Input records:
※ ※ ※

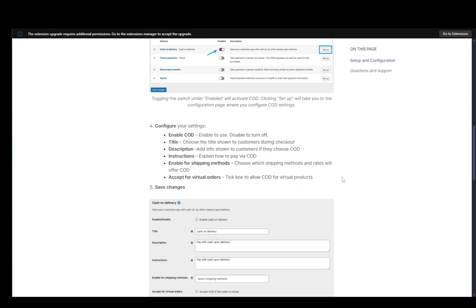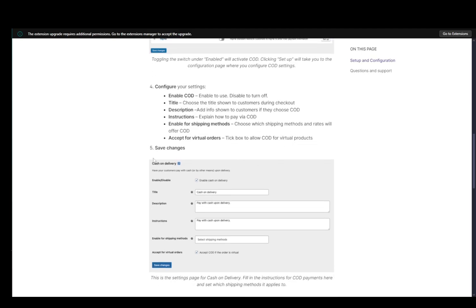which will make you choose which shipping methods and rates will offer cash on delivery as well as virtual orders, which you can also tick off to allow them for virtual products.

※ ※ ※

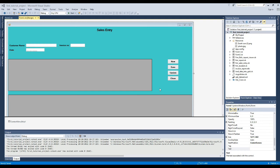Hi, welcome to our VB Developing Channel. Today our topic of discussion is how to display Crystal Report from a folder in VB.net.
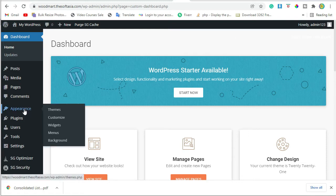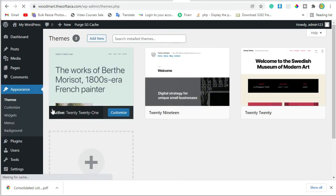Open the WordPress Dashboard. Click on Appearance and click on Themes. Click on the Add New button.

※ ※ ※

Task description:
Exact copy, pictures excluded: from the line with "Hi, welcome to" up to and including the line with "Open the WordPress" in the data above.

Task result:
Hi, welcome to our VB Developing Channel. Today our topic of discussion is how to display Crystal Report from a folder in VB.net.
Open the WordPress Dashboard. Click on Appearance and click on Themes. Click on the Add New button.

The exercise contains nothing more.